Com a saída do caixão da capela, as homenagens ao bailarino e coreógrafo passam a ser feitas mais explicitamente a um Augusto Omulú que, como seu nome anuncia, era filho criado em terreiro de candomblé. Nesse momento, um canto fúnebre é entoado em iorubá e a parte mais bonita e emocionante do enterro é iniciada. Olorum Kosí Purê, dizia um dos cantos. Segundo o amigo de Augusto Omolú, Gilmar Sampaio, a frase significa “Deus lhe dê o descanso eterno”.

Ele informa ainda que a cerimônia que se iniciava é necessária para que o espírito do morto se libertasse da matéria e seguisse seu caminho sem vagar mais entre os vivos. Seus irmãos de axé seguram então o caixão e ao invés de seguirem para o túmulo vão em direção à saída do cemitério. Carregando flores e algumas palhas, os carregadores começam a correr com o caixão na mão, parado no portal que separa o cemitério do largo de Quintas. Aí eles balançam o caixão por algumas vezes.

O cortejo em ritmo de corrida segue pelo largo faz o contorno ao seu centro e voltando para o cemitério. Antes de entrar nele, no entanto, outra parada, e o caixão, depois de balançado mais algumas vezes, é levantado e posto sobre os ombros dos carregadores que seguem cemitério a dentro rumo ao túmulo.

Na multidão, algumas mulheres gritam e se contorcem ao cederem seus corpos para entidades do candomblé que chegam para participar do funeral.Uma delas recebe Iansã e é levada por outra para perto do caixão dizendo “dá licença pra Iansã passar”.

Antes de chegar ao jazigo, o cortejo para ao lado da mãe de Augusto Omulú. Ela se levanta do banco onde se sentava, amparada por familiares e quase sucumbe à dor, beirando o desmaio. O cortejo segue então para a parada final, a caixa funerária de número 160. Enquanto o caixão é elevado até à entrada do jazigo, os cânticos se misturam aos gritos e prantos. Flores passam de mão em mão até chegar ao caixão que alcança lentamente seu destino.

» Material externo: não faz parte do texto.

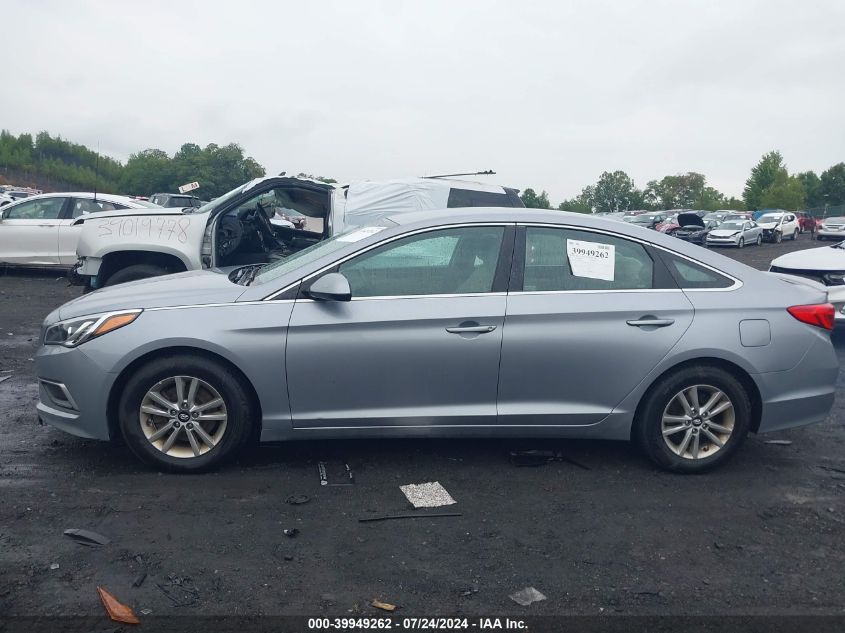 2016 HYUNDAI SONATA SE - 5NPE24AF7GH350801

Às doze horas em ponto, a tampa da caixa funerária é colocada e o nome de Augusto Omolú é entoado em coro precedido de vivas, o que é repetido várias vezes. Terminava aí a última homenagem de corpo presente a um grande baiano, cujas qualidades foram reconhecidas por quem com ele conviveu e até por quem nunca o viu. “Estava passando pelo TCA quando vi uma cerimônia bonita, fui ver e me encantei, acabei seguindo até aqui no cemitério. Achei lindo, era sem dúvida um grande homem”, disse.